Task goal => The output should be the records themselves, given again exactly.

Crawled caption data =>

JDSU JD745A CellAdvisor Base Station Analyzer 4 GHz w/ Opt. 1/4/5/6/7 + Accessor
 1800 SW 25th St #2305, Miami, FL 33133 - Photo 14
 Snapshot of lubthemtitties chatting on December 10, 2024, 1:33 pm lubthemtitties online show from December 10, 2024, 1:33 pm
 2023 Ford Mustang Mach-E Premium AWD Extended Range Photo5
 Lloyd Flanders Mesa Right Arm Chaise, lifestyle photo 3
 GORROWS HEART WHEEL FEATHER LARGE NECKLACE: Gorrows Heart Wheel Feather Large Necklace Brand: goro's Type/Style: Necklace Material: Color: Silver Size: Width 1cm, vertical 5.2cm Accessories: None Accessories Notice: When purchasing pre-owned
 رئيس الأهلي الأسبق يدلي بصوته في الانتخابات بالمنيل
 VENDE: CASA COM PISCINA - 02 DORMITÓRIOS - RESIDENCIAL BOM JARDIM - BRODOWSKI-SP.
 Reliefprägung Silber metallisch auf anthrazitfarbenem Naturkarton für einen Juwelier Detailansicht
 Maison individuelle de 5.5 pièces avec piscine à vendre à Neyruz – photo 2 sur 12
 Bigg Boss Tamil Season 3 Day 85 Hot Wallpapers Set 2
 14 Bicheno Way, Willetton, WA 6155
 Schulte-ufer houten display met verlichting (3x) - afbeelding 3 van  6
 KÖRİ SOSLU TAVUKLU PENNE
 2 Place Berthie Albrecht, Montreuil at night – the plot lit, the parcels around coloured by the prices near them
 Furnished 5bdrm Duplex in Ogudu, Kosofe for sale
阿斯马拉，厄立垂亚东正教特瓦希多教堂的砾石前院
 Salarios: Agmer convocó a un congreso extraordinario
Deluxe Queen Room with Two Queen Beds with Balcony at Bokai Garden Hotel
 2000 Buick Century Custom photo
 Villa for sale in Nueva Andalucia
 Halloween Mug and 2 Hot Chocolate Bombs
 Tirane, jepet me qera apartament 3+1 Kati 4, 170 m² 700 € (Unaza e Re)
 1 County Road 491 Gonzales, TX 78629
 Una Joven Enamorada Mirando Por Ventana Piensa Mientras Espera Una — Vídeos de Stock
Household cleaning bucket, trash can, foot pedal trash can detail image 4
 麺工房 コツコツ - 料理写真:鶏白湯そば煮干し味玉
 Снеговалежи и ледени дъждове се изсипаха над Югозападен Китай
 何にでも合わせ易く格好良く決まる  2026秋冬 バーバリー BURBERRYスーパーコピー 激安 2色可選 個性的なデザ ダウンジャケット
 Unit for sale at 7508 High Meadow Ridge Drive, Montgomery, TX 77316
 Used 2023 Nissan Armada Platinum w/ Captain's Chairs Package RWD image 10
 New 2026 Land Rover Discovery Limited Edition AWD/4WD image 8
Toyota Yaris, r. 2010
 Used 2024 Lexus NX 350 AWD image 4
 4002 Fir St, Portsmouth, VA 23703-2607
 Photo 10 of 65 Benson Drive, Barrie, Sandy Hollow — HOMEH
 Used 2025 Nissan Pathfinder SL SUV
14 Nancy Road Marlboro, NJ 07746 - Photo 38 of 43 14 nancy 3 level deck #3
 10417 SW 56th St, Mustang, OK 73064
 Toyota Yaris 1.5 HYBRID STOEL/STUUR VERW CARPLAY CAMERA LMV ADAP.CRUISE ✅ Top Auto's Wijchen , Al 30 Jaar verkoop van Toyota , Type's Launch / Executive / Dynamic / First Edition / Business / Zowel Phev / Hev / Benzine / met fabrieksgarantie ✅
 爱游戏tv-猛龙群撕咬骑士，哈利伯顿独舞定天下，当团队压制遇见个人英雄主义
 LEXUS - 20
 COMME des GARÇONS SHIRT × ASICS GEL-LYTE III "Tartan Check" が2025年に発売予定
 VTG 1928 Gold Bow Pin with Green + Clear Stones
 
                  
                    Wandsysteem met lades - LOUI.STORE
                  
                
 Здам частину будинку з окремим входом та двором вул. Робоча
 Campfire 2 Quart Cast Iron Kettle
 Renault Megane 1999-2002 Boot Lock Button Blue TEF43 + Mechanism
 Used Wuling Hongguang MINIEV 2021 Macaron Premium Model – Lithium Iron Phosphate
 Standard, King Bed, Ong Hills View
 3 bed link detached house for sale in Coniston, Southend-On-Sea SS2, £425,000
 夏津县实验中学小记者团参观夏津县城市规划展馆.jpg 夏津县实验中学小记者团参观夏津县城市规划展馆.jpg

Solution =>
JDSU JD745A CellAdvisor Base Station Analyzer 4 GHz w/ Opt. 1/4/5/6/7 + Accessor
 1800 SW 25th St #2305, Miami, FL 33133 - Photo 14
 Snapshot of lubthemtitties chatting on December 10, 2024, 1:33 pm lubthemtitties online show from December 10, 2024, 1:33 pm
 2023 Ford Mustang Mach-E Premium AWD Extended Range Photo5
 Lloyd Flanders Mesa Right Arm Chaise, lifestyle photo 3
 GORROWS HEART WHEEL FEATHER LARGE NECKLACE: Gorrows Heart Wheel Feather Large Necklace Brand: goro's Type/Style: Necklace Material: Color: Silver Size: Width 1cm, vertical 5.2cm Accessories: None Accessories Notice: When purchasing pre-owned
 رئيس الأهلي الأسبق يدلي بصوته في الانتخابات بالمنيل
 VENDE: CASA COM PISCINA - 02 DORMITÓRIOS - RESIDENCIAL BOM JARDIM - BRODOWSKI-SP.
 Reliefprägung Silber metallisch auf anthrazitfarbenem Naturkarton für einen Juwelier Detailansicht
 Maison individuelle de 5.5 pièces avec piscine à vendre à Neyruz – photo 2 sur 12
 Bigg Boss Tamil Season 3 Day 85 Hot Wallpapers Set 2
 14 Bicheno Way, Willetton, WA 6155
 Schulte-ufer houten display met verlichting (3x) - afbeelding 3 van  6
 KÖRİ SOSLU TAVUKLU PENNE
 2 Place Berthie Albrecht, Montreuil at night – the plot lit, the parcels around coloured by the prices near them
 Furnished 5bdrm Duplex in Ogudu, Kosofe for sale
阿斯马拉，厄立垂亚东正教特瓦希多教堂的砾石前院
 Salarios: Agmer convocó a un congreso extraordinario
Deluxe Queen Room with Two Queen Beds with Balcony at Bokai Garden Hotel
 2000 Buick Century Custom photo
 Villa for sale in Nueva Andalucia
 Halloween Mug and 2 Hot Chocolate Bombs
 Tirane, jepet me qera apartament 3+1 Kati 4, 170 m² 700 € (Unaza e Re)
 1 County Road 491 Gonzales, TX 78629
 Una Joven Enamorada Mirando Por Ventana Piensa Mientras Espera Una — Vídeos de Stock
Household cleaning bucket, trash can, foot pedal trash can detail image 4
 麺工房 コツコツ - 料理写真:鶏白湯そば煮干し味玉
 Снеговалежи и ледени дъждове се изсипаха над Югозападен Китай
 何にでも合わせ易く格好良く決まる  2026秋冬 バーバリー BURBERRYスーパーコピー 激安 2色可選 個性的なデザ ダウンジャケット
 Unit for sale at 7508 High Meadow Ridge Drive, Montgomery, TX 77316
 Used 2023 Nissan Armada Platinum w/ Captain's Chairs Package RWD image 10
 New 2026 Land Rover Discovery Limited Edition AWD/4WD image 8
Toyota Yaris, r. 2010
 Used 2024 Lexus NX 350 AWD image 4
 4002 Fir St, Portsmouth, VA 23703-2607
 Photo 10 of 65 Benson Drive, Barrie, Sandy Hollow — HOMEH
 Used 2025 Nissan Pathfinder SL SUV
14 Nancy Road Marlboro, NJ 07746 - Photo 38 of 43 14 nancy 3 level deck #3
 10417 SW 56th St, Mustang, OK 73064
 Toyota Yaris 1.5 HYBRID STOEL/STUUR VERW CARPLAY CAMERA LMV ADAP.CRUISE ✅ Top Auto's Wijchen , Al 30 Jaar verkoop van Toyota , Type's Launch / Executive / Dynamic / First Edition / Business / Zowel Phev / Hev / Benzine / met fabrieksgarantie ✅
 爱游戏tv-猛龙群撕咬骑士，哈利伯顿独舞定天下，当团队压制遇见个人英雄主义
 LEXUS - 20
 COMME des GARÇONS SHIRT × ASICS GEL-LYTE III "Tartan Check" が2025年に発売予定
 VTG 1928 Gold Bow Pin with Green + Clear Stones
 
                  
                    Wandsysteem met lades - LOUI.STORE
                  
                
 Здам частину будинку з окремим входом та двором вул. Робоча
 Campfire 2 Quart Cast Iron Kettle
 Renault Megane 1999-2002 Boot Lock Button Blue TEF43 + Mechanism
 Used Wuling Hongguang MINIEV 2021 Macaron Premium Model – Lithium Iron Phosphate
 Standard, King Bed, Ong Hills View
 3 bed link detached house for sale in Coniston, Southend-On-Sea SS2, £425,000
 夏津县实验中学小记者团参观夏津县城市规划展馆.jpg 夏津县实验中学小记者团参观夏津县城市规划展馆.jpg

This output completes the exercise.